What the task requires:
From the first line to the last, please reproduce the material exactly, skipping the pictures.

Given data:
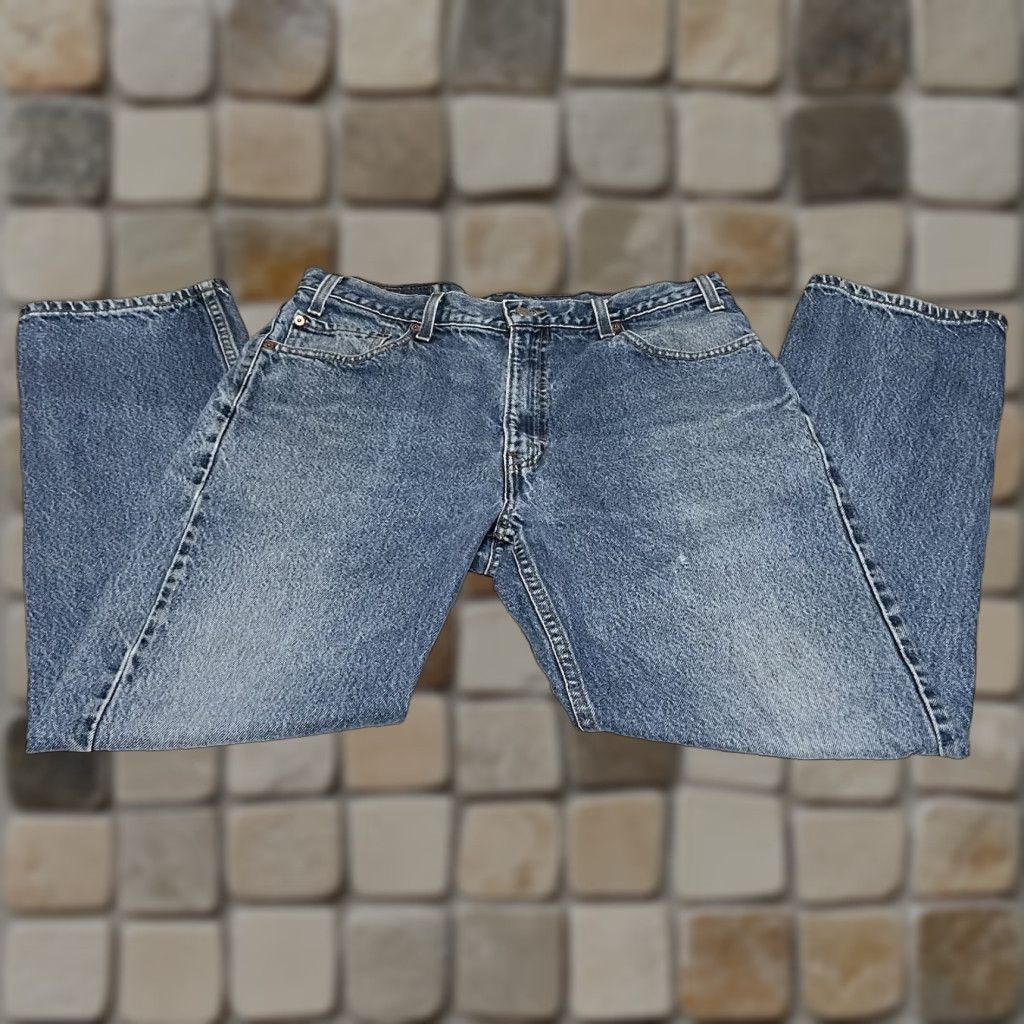 Levi's VINTAGE Levi’s 505 Regular Fit Jeans Blue Distressed 34x30 Straight Mens Denim 5-Pocket Belt Loops Mid Rise Size US 34 / EU 50 - 1 Thumbnail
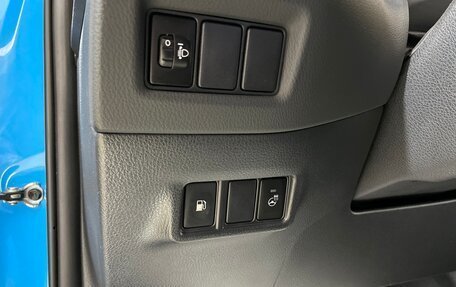 Toyota C-HR I рестайлинг, 2019 год, 2 180 000 рублей, 14 фотография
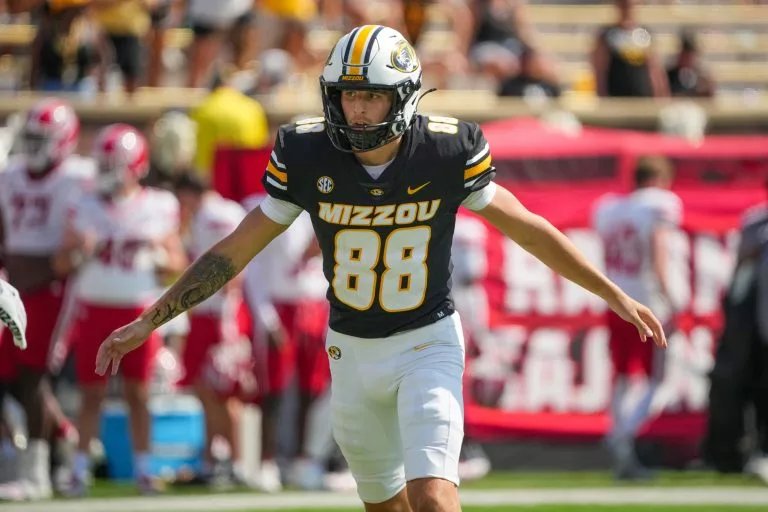South Carolina Gamecocks at Missouri Tigers Picks and Prediction
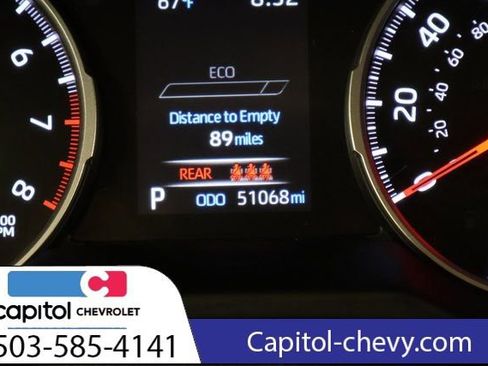 Used 2021 Toyota RAV4 XLE Premium image 14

Completed task:
 Levi's VINTAGE Levi’s 505 Regular Fit Jeans Blue Distressed 34x30 Straight Mens Denim 5-Pocket Belt Loops Mid Rise Size US 34 / EU 50 - 1 Thumbnail
 Toyota C-HR I рестайлинг, 2019 год, 2 180 000 рублей, 14 фотография
South Carolina Gamecocks at Missouri Tigers Picks and Prediction
 Used 2021 Toyota RAV4 XLE Premium image 14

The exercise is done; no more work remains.